L-Dot / Letterboxd-list-scraper

A program that can scrape Letterboxd lists from an input URL. The output CSV or JSON contains information about the film title, release year, director, cast, personal rating, average rating and a lot more.
MIT License
41 stars 11 forks source link

multiple file types functionality #11

Closed jonathanhouge closed 2 months ago

jonathanhouge commented 3 months ago

Hello! I'm a college student and stumbled upon this repo. I thought it would be helpful for a project I'm doing, and it ended up being IMMENSELY helpful! However, I needed it to output a json file instead of a csv file. For my own project, I just changed everything related to csv to json, but thought that as a fun side-project and to show my appreciation, I would add the functionality to specify file types.

This pull request includes the ability to output either a csv or json file with the default being a csv. I think I've ensured that everything works as intended! I made a detailed commit message which you can see below to help in reviewing this pr, as well as example json outputs.
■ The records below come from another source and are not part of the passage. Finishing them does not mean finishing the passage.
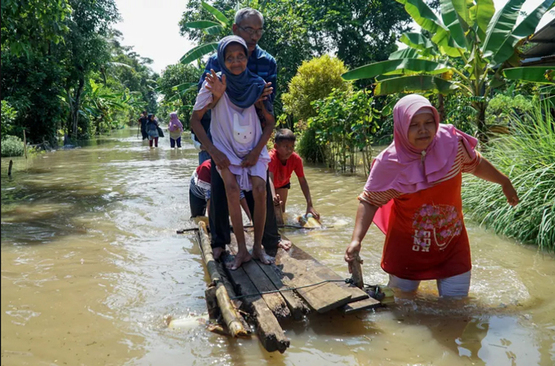 امدادرسانی به سیلزدگان در اندونزی/ شینهوا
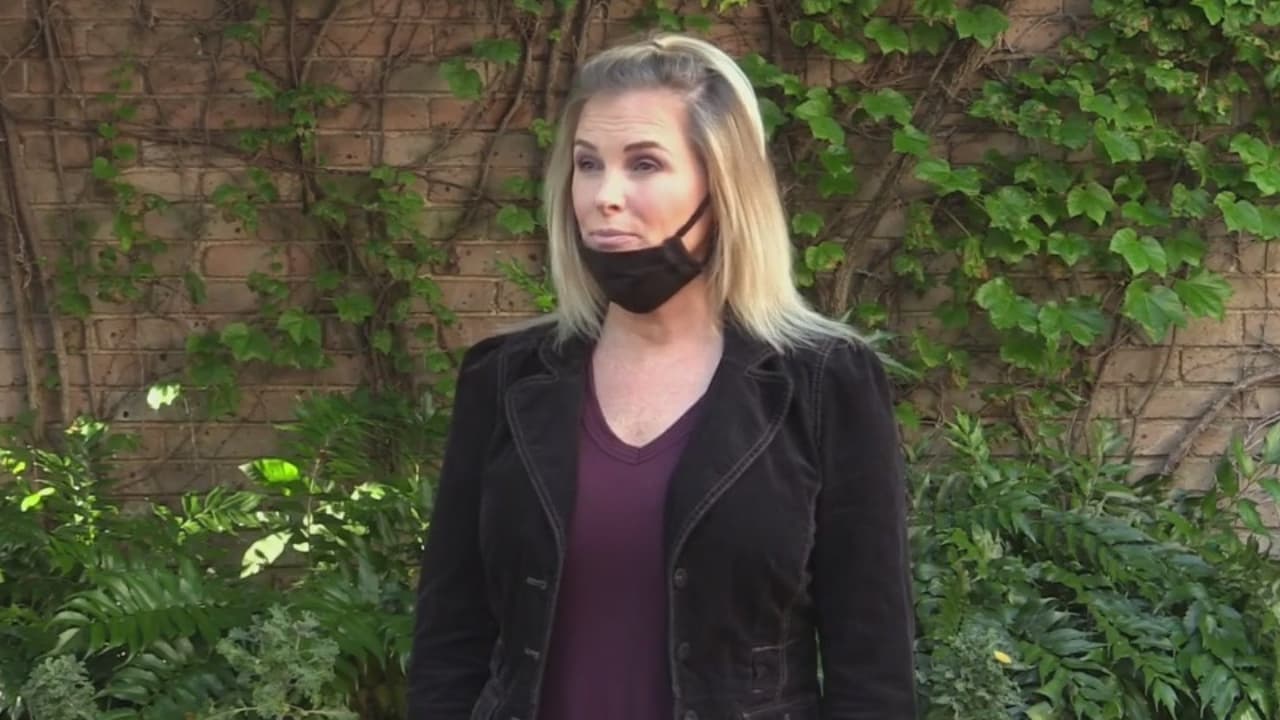 La dueña de un Salón de belleza en Dallas desafía a las autoridades y se niega a cerrar su negocio 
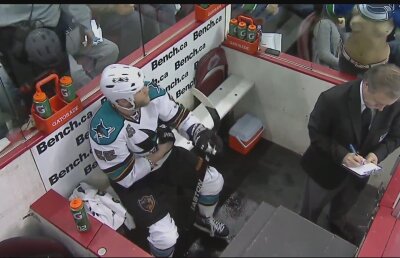 VIDEO / Nebunie în NHL » O fană i-a arătat sînii unui jucător de la echipa adversă :D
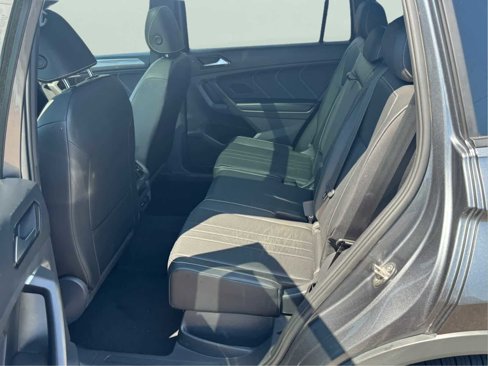 Certified 2022 Volkswagen Tiguan SE R-Line image 30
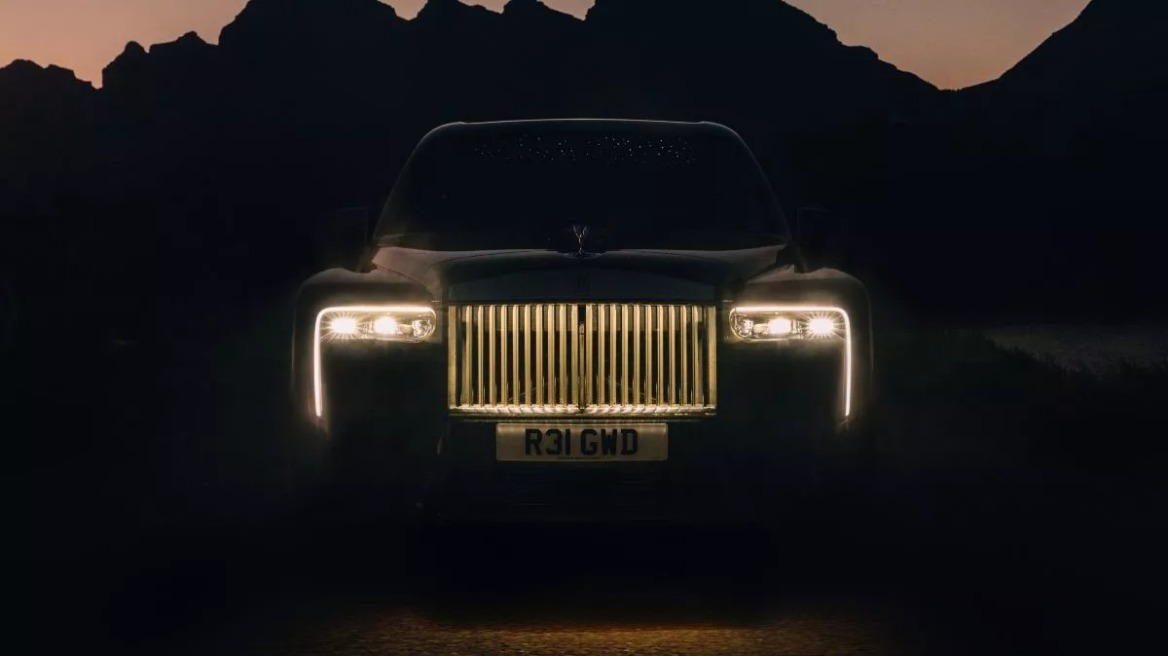 Πιστή στον V12 η Rolls-Royce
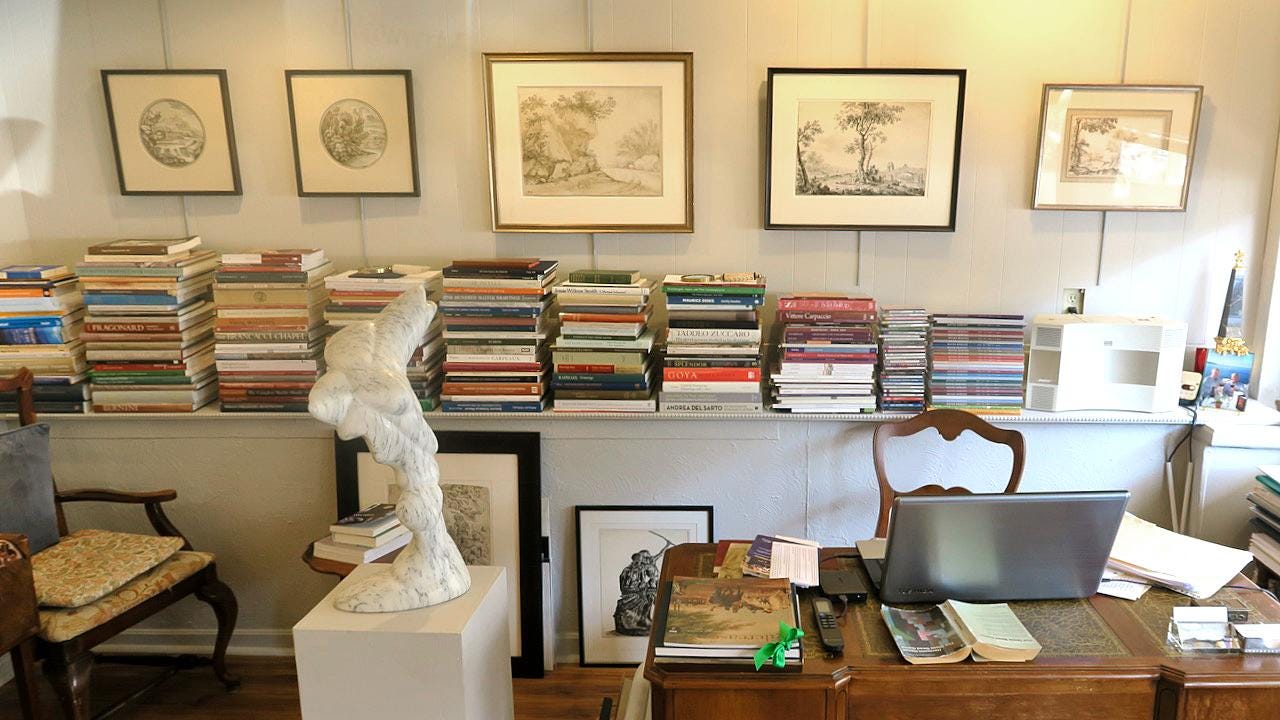 A desk with a computer and books on it

Description automatically generated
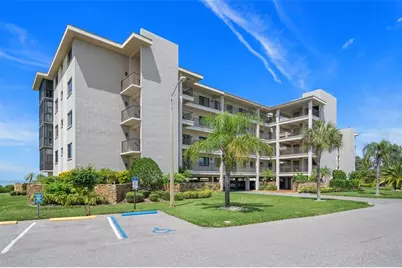 8251 Brent Street #915, Port Richey, FL 34668 - Photo 4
Let me know if there's anything you're unhappy about or want changed. Hope this is helpful. Thanks again for providing this wonderful tool for all to use! :D

cli.py: added new argument - "-ofe" or "--output_file_extension" str, default is ".csv" changed veriage from 'csv' to 'file'

main.py: added passing of new arg 'output_file_extension' to ListScraper creation added variable to end message to specify what kind of file type can be found in ./scraper_outputs/

checkimport_functions.py: new function 'checkimport_output_output_file_extension()' (called in instance_class, init) makes sure that '-ofe' passed in is either ".json" or ".csv", allows for exemption of comma added 'output_file_extension' parameter to 'checkimport_outputname()' to ensure name has the proper file extension

instance_class.py: new class field - 'output_file_extension' added import of 'checkimport_functions' and call to make sure the extension is valid passing of 'self.output_file_extension' to List creation modified 'scrape_all_and_writeout()' to output to json if ".json" (imported json for this) 'indent=4' makes for well formatted output 'ensure_ascii=False' makes sure special characters (including stars) aren't converted to unicode python's 'None' is converted to null with 'json.dumps' changed verbiage from 'csv' to 'file'

list_class.py: new class field - 'output_file_extension' 'self.output_file_extension' passing to 'checkimport_outputname()' 'self.output_file_extension' passing to 'scrape_list()' modified 'write_to_file()' to output to json if ".json" (imported json for this) 'indent=4' makes for well formatted output 'ensure_ascii=False' makes sure special characters (including stars) aren't converted to unicode python's 'None' is converted to null with 'json.dumps' changed verbiage from 'csv' to 'file'

scrape_functions.py: 'scrape_list()' and 'scrape_page()' take output_file_extension param now in 'space_page()', it's used to see what should be used for 'not_found', np.nan (import added) or None 'np.nan' switched with 'not_found'

utility_functions.py: removed numpy import (handled in scrape_functions.py) added parameter 'not_found' to functions json can't handle 'np.nan' - None instead!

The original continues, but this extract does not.